Мы были взволнованы и встревожены одним обстоятельством. Мы боялись, что Федор Федорович ревниво и немилостиво отнесется к нашим экспериментам. Но, насколько я вспоминаю, все обошлось благополучно. Федор Федорович либо сделал вид, что не знает о нашем спектакле, либо действительно не знал. Только я и Терешкович выступали под своими фамилиями. Другие ученики студии предусмотрительно скрылись под псевдонимами.

Кторов выступал на афише как Торов, Аким Тамиров как Тарас Акимов, жена В. Г. Сахновского Томилина стала Митолиной.

Афиши Театра четырех масок были расклеены, премьера прошла с успехом, и появились даже скромные рецензии в газетах, где особенно хвалили Акимова, то есть Тамирова.

Старинный французский фарс был достаточно архаичен и наивен, но игрался занятно и непринужденно, театр возбуждал некоторое любопытство, и тридцать—сорок человек всегда туда приходили. Таким образом, «зал бывал полон». Осенью мы возвратились к своим студийным делам и занятиям, и театрик прекратил свое существование. Фореггер пытался его обновить, и некоторые из нас еще бывали у него на репетициях, но, к сожалению, я не помню, что мы еще должны были там готовить. В памяти остались только первые читки пьесы Макиавелли «Мандрагора».

Время это было холодное и голодное, и я помню очень хорошо, как мы все после репетиции, приспособивши саночки или просто охапками растаскивали старые заборы и сараи на задворках дома Фореггера и иногда под свистки дворников тащили домой полусгнившие доски, чтобы растопить «буржуйки».

Этими налетами оканчиваются мои воспоминания о милом фореггеровском периоде, который вклинился в нашу студийную жизнь комиссаржевцев.

Театр имени В. Ф. Комиссаржевской в Настасьинском переулке за четыре-пять лет своего существования стал для многих московских театралов одним из любимых.

Театр этот наряду с Первой студией МХТ положил начало небольшим студийным театрам, которые полюбились театральной Москве и вдруг сразу стали, особенно Первая студия, в один ряд с лучшими профессиональными театрами.

Победили они своей свежестью, молодостью, печатью беззаветной любви, а также проникновенным и святым отношением к делу театрального искусства. Первая студия была плоть от плоти, первенцем нового поколения МХТ.

Она была очень сильна актерским составом, который, пожалуй, не уступал и ансамблю Художественного театра.

Некоторым зрителям особенно нравилось, что актеры играли тут же, на полу, без подмостков, и зрители как бы подсматривали жизнь без театральных прикрас и рампы.

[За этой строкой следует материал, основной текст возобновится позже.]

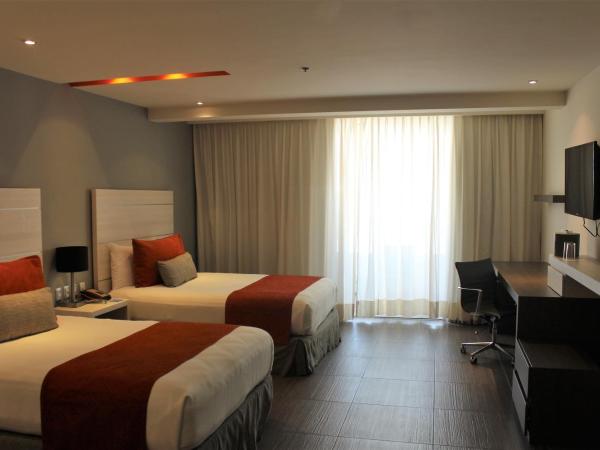 Real Inn Cancún : photo 4 de la chambre hébergement deluxe avec 2 lits - vue sur boulevard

Зрителям, которым полюбился Театр имени В. Ф. Комиссаржевской, наоборот, нравилось, что театр уводит их от жизненного натурализма и показывает театральную жизнь пьесы и ее героев в различной театральной форме, порой отдаляя актеров в маленьком театре от зрителей светом, тюлевыми занавесами и другими тонкими театральными приемами, создавая несколько сказочную, праздничную, театральную атмосферу каждого спектакля.

Театр имени В. Ф. Комиссаржевской был далеко не так популярен среди интеллигенции, как первое детище Художественного театра. Зато он внес новые веяния, обогатившие театральное искусство той поры.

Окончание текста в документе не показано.